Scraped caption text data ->
----

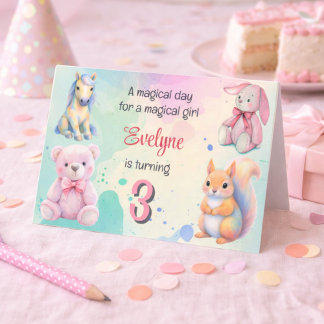 Magical Pastel Birthday Girls Unicorn Bunny Bear Einladung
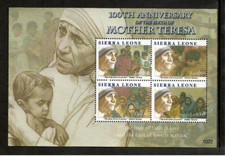 Sierra Leone 2010 - Mother Teresa Birthday - Sheet Of 4 Stamps Scott 3037 - Mnh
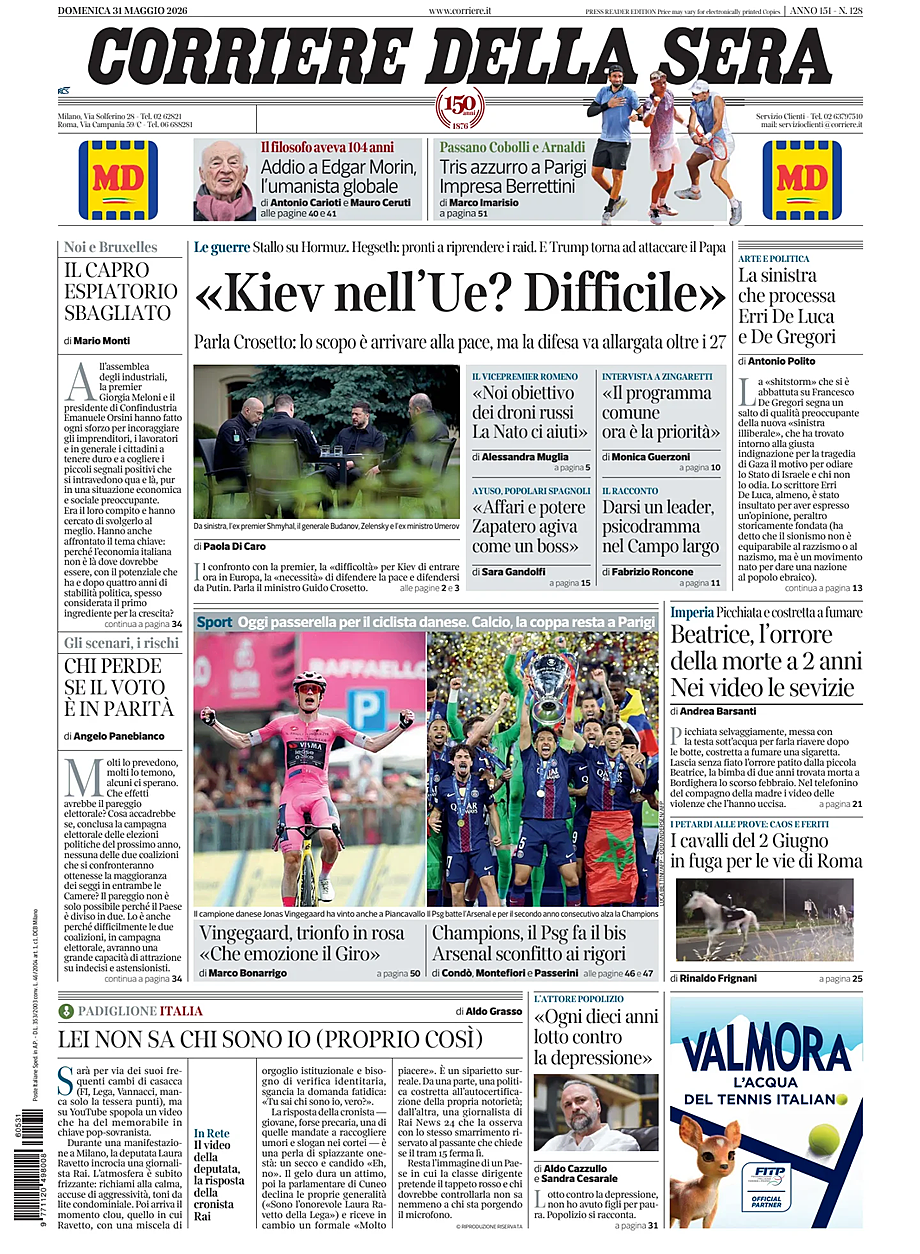 Prima pagina Corriere della Sera di oggi - Edicola 31 Maggio 2026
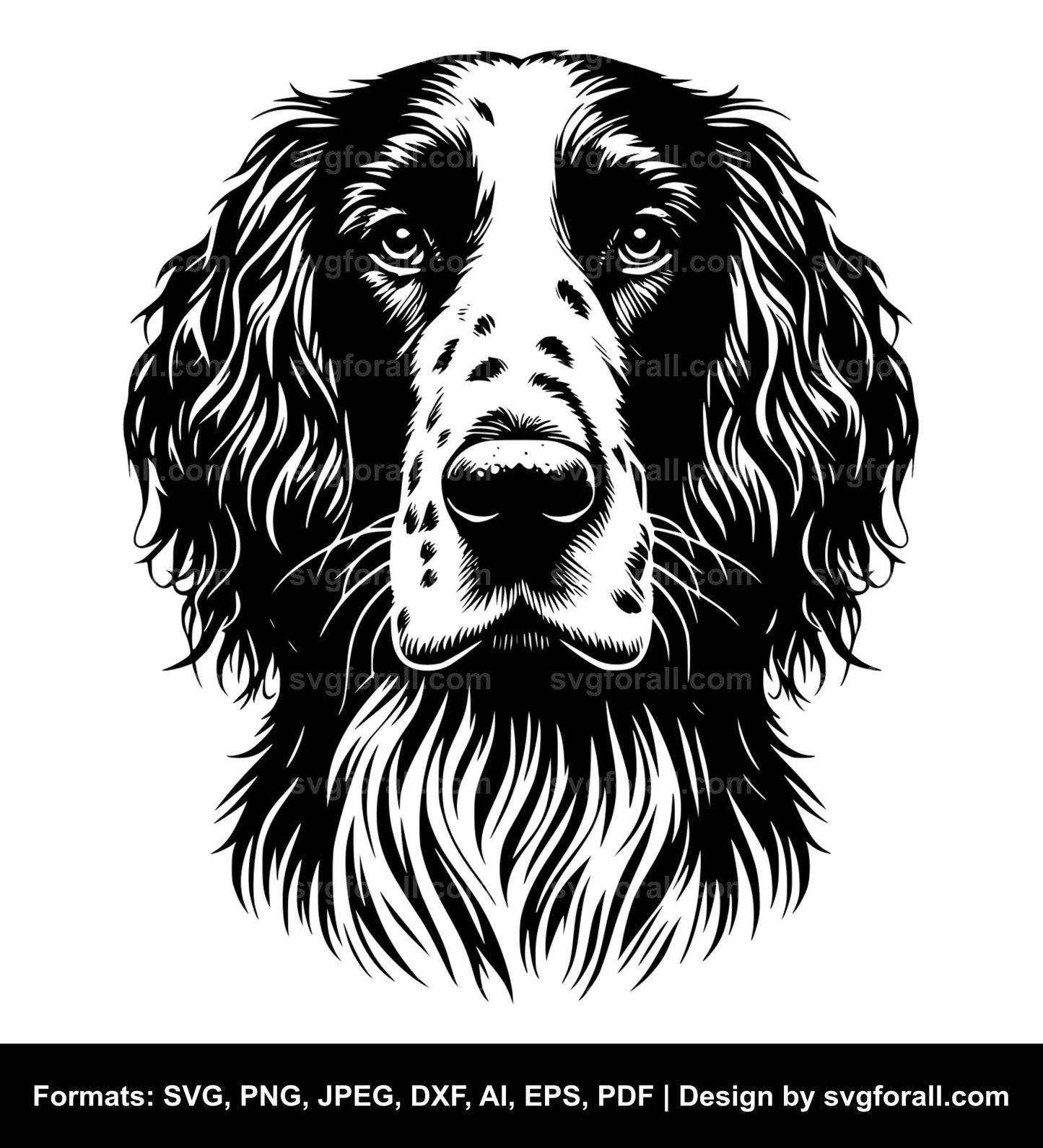 English Setter Dog Black SVG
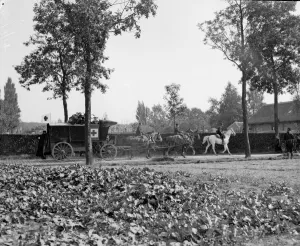 Casualties Prints: Belgian army field ambulance seen here close to the battlefield at Audeghem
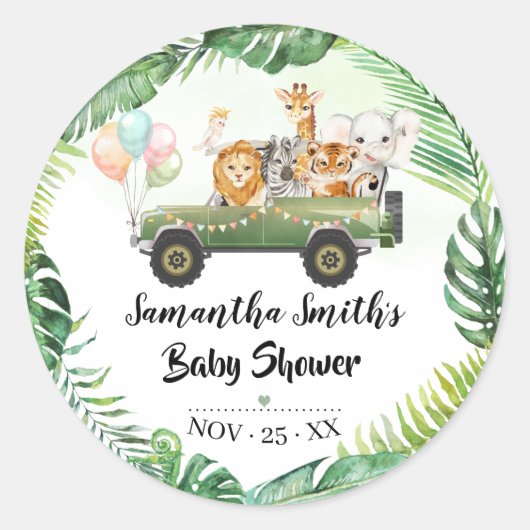 Safari Animals Tropical Baby shower Round Sticker (Voorkant)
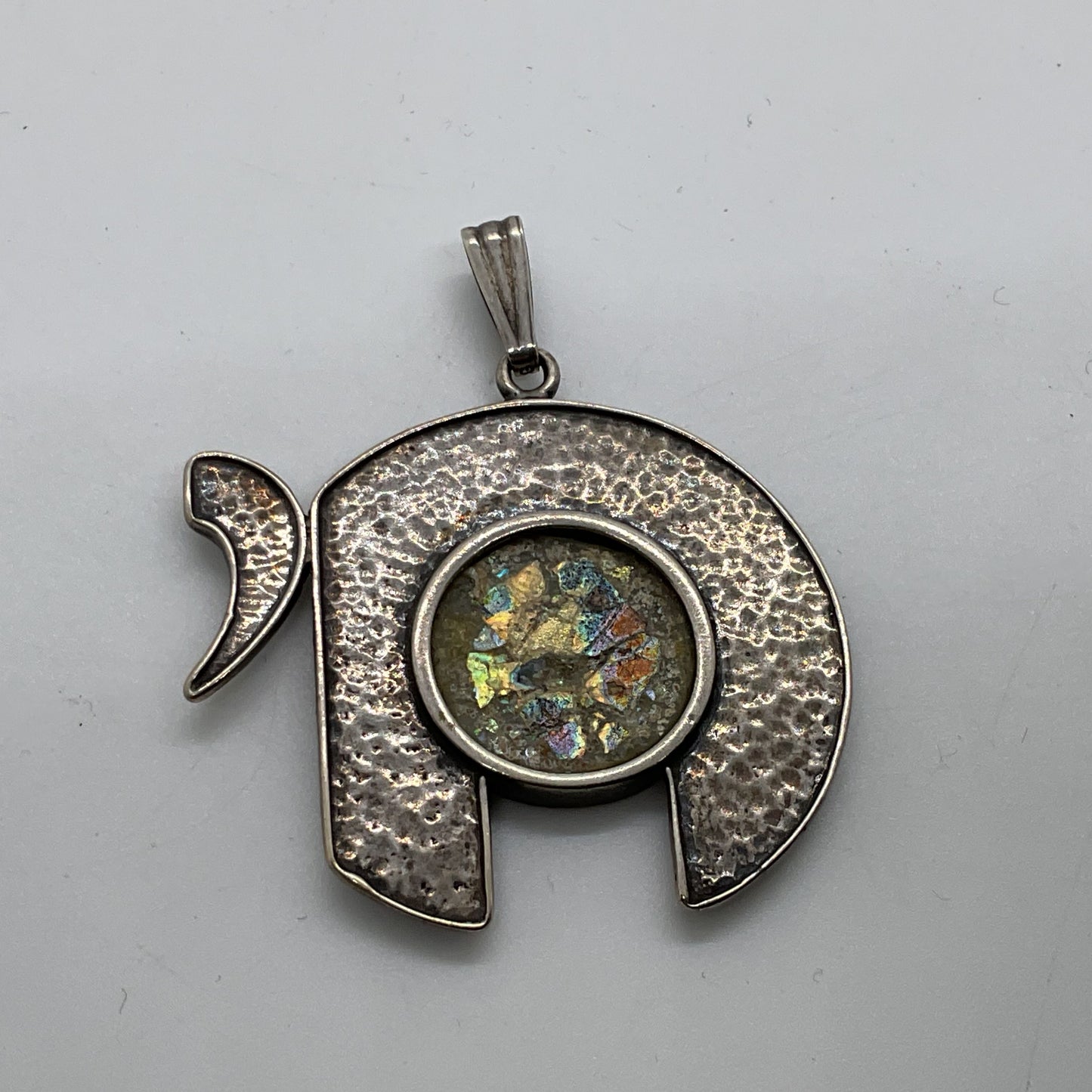Sterling Silver Judaica Chai Hammered 1.75" Pendant- 8.52g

----

Exercise details -> All of the entries above should be retyped exactly, with the pictures left out.

Response box ->
 Magical Pastel Birthday Girls Unicorn Bunny Bear Einladung
 Sierra Leone 2010 - Mother Teresa Birthday - Sheet Of 4 Stamps Scott 3037 - Mnh
 Prima pagina Corriere della Sera di oggi - Edicola 31 Maggio 2026
 English Setter Dog Black SVG
 Casualties Prints: Belgian army field ambulance seen here close to the battlefield at Audeghem
 Safari Animals Tropical Baby shower Round Sticker (Voorkant)
Sterling Silver Judaica Chai Hammered 1.75" Pendant- 8.52g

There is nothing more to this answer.